J e n’oublierai jamais l’impact qu’a pu avoir sur moi Los Olvidados, le film de Luis Bunuel (1). C’était il y a plus de 25 ans, mais je me souviens, comme si c’était hier, du choc qu’a constitué ce film. Un peu plus tard, j’ai vu Pixote d’Hector Babenco, tourné avec des enfants de la rue à Rio de Janeiro et à São Paulo, et j’ai pris une seconde gifle! Babenco avait voulu témoigner des conditions de vie horribles de ces gamins. Le môme qui jouait Pixote, le héros du film, est mort ensuite dans un braquage, à 17 ans à peine… Ces souvenirs entre cinéma et réalité m’ont laissé un traumatisme qui motive sans doute aujourd’hui Khamsa. « 

Karim Dridi ajoute le stupéfiant Bouge pas, meurs, ressuscite de Vitali Kanevski (1990) à la liste de ces rares films abordant l’enfance en danger sans la moindre trace de sentimentalisme et encore moins d’angélisme. Avec au contraire une lucidité terrible, qui fait mal et qui interpellera les spectateurs d’un Khamsa tout sauf politiquement correct ( voir notre critique en page 31).  » Quand enfance rime avec misère, la délinquance est inévitable. Il faut avoir le courage de ne pas se voiler la face à ce propos!« , clame le cinéaste français d’origine tunisienne.

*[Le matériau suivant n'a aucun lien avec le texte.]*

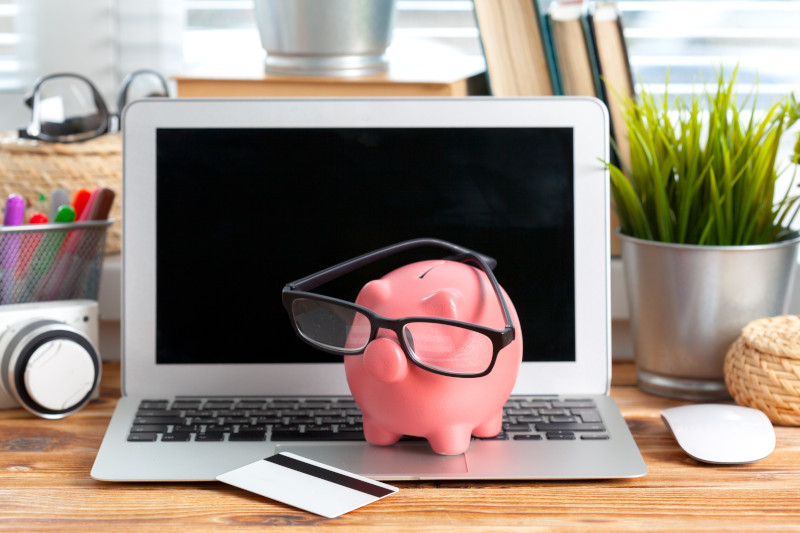 Budgeting Piggy Bank And Laptop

Le réalisateur de Pigalle et de Hors-jeu nous fait suivre, dans son nouveau film, les évolutions de Marco, onze ans, moitié gitan moitié arabe, qui échappe à la famille d’accueil où on l’a placé pour revenir dans le camp rom des environs de Marseille où il est né.  » Il cherche sa place dans le monde, mais ce monde ne veut pas de lui« , commente Dridi qui ne masque rien des dérives criminelles guettant son jeune héros.

Pari risqué

 » Faire un film avec des enfants, j’en avais envie depuis bien longtemps, mais il m’a fallu acquérir la maturité nécessaire, poursuit le cinéaste. Aujourd’hui j’ai 47 ans, j’ai deux enfants, j’ai quelques longs métrages derrière moi. Il fallait bien ça, parce que tourner avec des enfants est difficile, et avec des enfants exclus ce l’est encore plus. Le pari était très risqué, surtout que Marco est un enfant gitan, et on sait quel rejet les gitans subissent en Europe en ce moment encore… » Karim Dridi parle de Khamsa comme d’un film « dangereux ».  » Dangereux à faire car très facile à louper, dangereux à montrer car il expose ce qu’on voudrait – hypocritement – ne pas voir.  »

Courageux quand il cadre l’exclusion dans les deux sens (une communauté est exclue mais s’exclut aussi parfois elle-même), quand il se refuse aussi à enjoliver le tableau existentiel, culturel, le film a également l’audace de chercher la beauté des images, des visages, des gestes, saisissant des traces d’innocence jusqu’au plus profond des dérives violentes de ses protagonistes.  » Mais c’est aussi un hymne au métissage, conclut Karim Dridi. A ce métissage qui est indispensable pour rêver d’un avenir…  »

(1) Los Olvidados, réalisé au Mexique en 1950, est une plongée sans concession dans l’univers cruel de jeunes délinquants misérables. Il fut présenté par son auteur comme « un film de lutte sociale ».